Consumer shopping, Cheer and Christmas

I share the idea that the way you feel about Christmas depends primarily on the place in which you live. Previously, I thought everyone celebrated Christmas in the same way my family all did. Growing up in a country where a majority is Catholic, that means going to church, reveling in abundant feasts, singing Christmas songs while marveling at the red ribbons and Christmas lights affixed to lamp posts on the drive home, and most importantly, freely saying “Merry Christmas” to each and every person you encounter. Christmas is made felt by the numerous times people exchange greetings that contain the word “Christmas.”

In the States, people are more reserved in greeting each other “Merry Christmas,” and instead opt for the more politically correct, “Happy Holidays.” Since there is a diversity of faiths, there is less emphasis on the religious aspect of Christmas. It is less an occasion of the birth, and more about the buying of gifts.

Retail clerks embellish their store fronts to lure consumers in, with tinsel that sparkle and wreaths that signify warmth. Discounts, coupons and mailers fill mailboxes and the streets. Some host Santa Claus sightings, while others play 20 different versions of “Jingle Bells.” Everyone is in a festive spirit, and it seems that companies capitalize on the consumers’ spirit of giving and looser wallet.

Many might think that this is the sad consequence of our capitalist, hyperconsumerist world, painting companies as a predator to the unassuming consumer. I don’t think this is entirely true, since I believe there are a lot of smart consumers out there, who make wise purchase decisions even when there is a pressure to spend and keep up, especially when pearl necklaces and cashmere sweaters that ooze status quo look inviting.

You will also notice a lot more beggars on the streets, playing the holiday card– something for the holidays, sir to elicit pity from passersby. Even those who are not exactly homeless but need a couple more dollars plot a spot in busy intersections, with their shiny saxophones and polished violins that costs hundreds of dollars.

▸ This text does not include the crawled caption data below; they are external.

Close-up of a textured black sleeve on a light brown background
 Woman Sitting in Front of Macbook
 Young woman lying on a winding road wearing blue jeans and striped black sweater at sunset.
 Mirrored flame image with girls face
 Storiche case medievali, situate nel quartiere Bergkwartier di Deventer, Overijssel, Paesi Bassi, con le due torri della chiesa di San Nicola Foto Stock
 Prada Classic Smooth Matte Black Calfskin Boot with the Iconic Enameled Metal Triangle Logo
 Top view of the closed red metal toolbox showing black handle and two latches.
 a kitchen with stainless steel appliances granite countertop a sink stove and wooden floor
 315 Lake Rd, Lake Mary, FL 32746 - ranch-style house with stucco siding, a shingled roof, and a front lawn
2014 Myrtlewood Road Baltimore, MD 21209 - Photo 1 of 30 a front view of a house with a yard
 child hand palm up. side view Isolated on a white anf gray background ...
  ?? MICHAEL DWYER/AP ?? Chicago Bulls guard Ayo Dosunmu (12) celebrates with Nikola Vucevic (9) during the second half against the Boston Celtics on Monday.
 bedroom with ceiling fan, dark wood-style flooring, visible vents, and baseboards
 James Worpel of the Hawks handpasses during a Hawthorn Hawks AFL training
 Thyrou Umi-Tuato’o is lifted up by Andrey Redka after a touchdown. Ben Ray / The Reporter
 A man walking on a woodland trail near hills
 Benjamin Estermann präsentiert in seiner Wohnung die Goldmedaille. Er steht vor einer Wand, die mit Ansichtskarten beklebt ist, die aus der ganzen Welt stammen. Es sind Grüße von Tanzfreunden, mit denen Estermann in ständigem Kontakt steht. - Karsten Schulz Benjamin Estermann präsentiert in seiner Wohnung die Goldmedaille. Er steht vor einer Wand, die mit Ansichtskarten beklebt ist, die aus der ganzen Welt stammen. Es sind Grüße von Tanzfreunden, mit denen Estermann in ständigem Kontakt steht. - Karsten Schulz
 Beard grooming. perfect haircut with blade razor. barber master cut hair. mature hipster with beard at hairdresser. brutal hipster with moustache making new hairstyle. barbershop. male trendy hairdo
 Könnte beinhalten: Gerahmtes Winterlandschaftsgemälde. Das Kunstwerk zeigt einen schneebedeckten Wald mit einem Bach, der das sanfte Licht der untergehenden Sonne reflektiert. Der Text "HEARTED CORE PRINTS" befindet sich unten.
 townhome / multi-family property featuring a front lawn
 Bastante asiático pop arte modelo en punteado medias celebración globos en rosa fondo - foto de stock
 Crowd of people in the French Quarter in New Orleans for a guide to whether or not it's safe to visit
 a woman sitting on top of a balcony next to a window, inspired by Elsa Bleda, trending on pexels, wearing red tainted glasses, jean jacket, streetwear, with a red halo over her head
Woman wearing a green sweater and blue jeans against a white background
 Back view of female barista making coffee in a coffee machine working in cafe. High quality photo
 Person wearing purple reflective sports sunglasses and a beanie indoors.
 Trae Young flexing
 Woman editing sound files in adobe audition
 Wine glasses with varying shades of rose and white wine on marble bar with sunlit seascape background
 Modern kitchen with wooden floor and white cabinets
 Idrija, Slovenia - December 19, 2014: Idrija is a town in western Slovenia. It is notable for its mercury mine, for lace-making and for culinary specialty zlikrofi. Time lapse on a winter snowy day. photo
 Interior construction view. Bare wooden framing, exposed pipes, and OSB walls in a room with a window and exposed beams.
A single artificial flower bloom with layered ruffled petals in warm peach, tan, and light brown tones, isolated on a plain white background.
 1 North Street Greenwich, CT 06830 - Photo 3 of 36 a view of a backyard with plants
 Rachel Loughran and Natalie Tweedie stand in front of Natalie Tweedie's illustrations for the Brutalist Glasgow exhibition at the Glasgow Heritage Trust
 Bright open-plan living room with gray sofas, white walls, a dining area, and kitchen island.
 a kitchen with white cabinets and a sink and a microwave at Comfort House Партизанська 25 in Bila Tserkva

This is what Christmas has become in America, and it’s not that bad. If Christmas is about talented individuals sharing their skills to make others smile, instead of displaying an opulent tree inside closed doors,
then this is the Christmas I want to experience. If Christmas is what it takes for retailers to offer better deals and customer service clerks to be merry, I won’t give a second glance to the bright lights on bare trees on Michigan Avenue. If Christmas is less about religion and more about gifts and sharing warmth to others no matter what they believe in, instead of alienating those who don’t believe in the “true meaning” of Christmas, then this is the Christmas I’ve longed to celebrate.

Happy holidays and to all a great night!